The rapid prototyping ability of MPLAB Harmony is due to the availability of software modules: Drivers, System Services and Middleware Libraries; and tools: MPLAB Harmony Configurator (MHC) and MPLAB Harmony Graphics Composer (MHGC); that are designed to allow maximum reuse of code and rapid development.
The following exercises demonstrate the quick prototyping capability of MPLAB Harmony.

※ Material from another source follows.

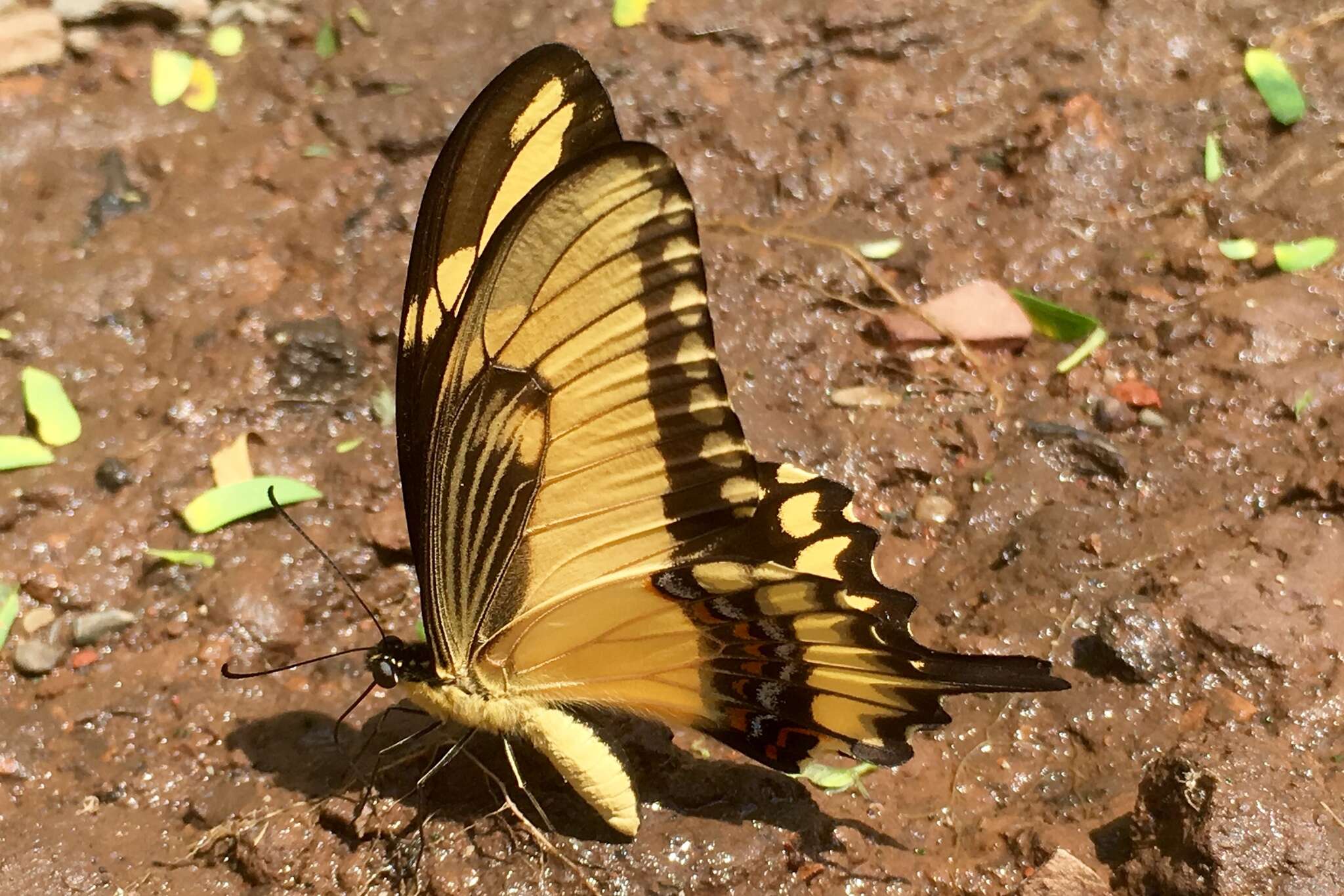 Слика од Papilio astyalus Godart 1819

These exercises should be completed in a sequential manner in order to understand how the following exercise enhances and adds new functionality to the earlier exercise.
Two ways to use this tutorial:
- Create the projects from scratch
- Use the provided source files and step-by-step instructions for each lab.
- Use the solution project as an example
- Just build the solution project (found in the lab's firmware folder) and download it to the Multimedia Expansion Board II (MEB II) board to observe the expected behavior.
Lab Objectives:
- Create an MPLAB X IDE Harmony project for a PIC32 microcontroller from scratch.
- Use MHC to configure and generate Harmony code.
- Create new application states and variables for Harmony projects.
- Identify the proper place to add your own application code to the Harmony project.
- Demonstrate the use of Harmony peripheral libraries and drivers to control PIC32 peripherals (SPI, I2C, Timers, etc.).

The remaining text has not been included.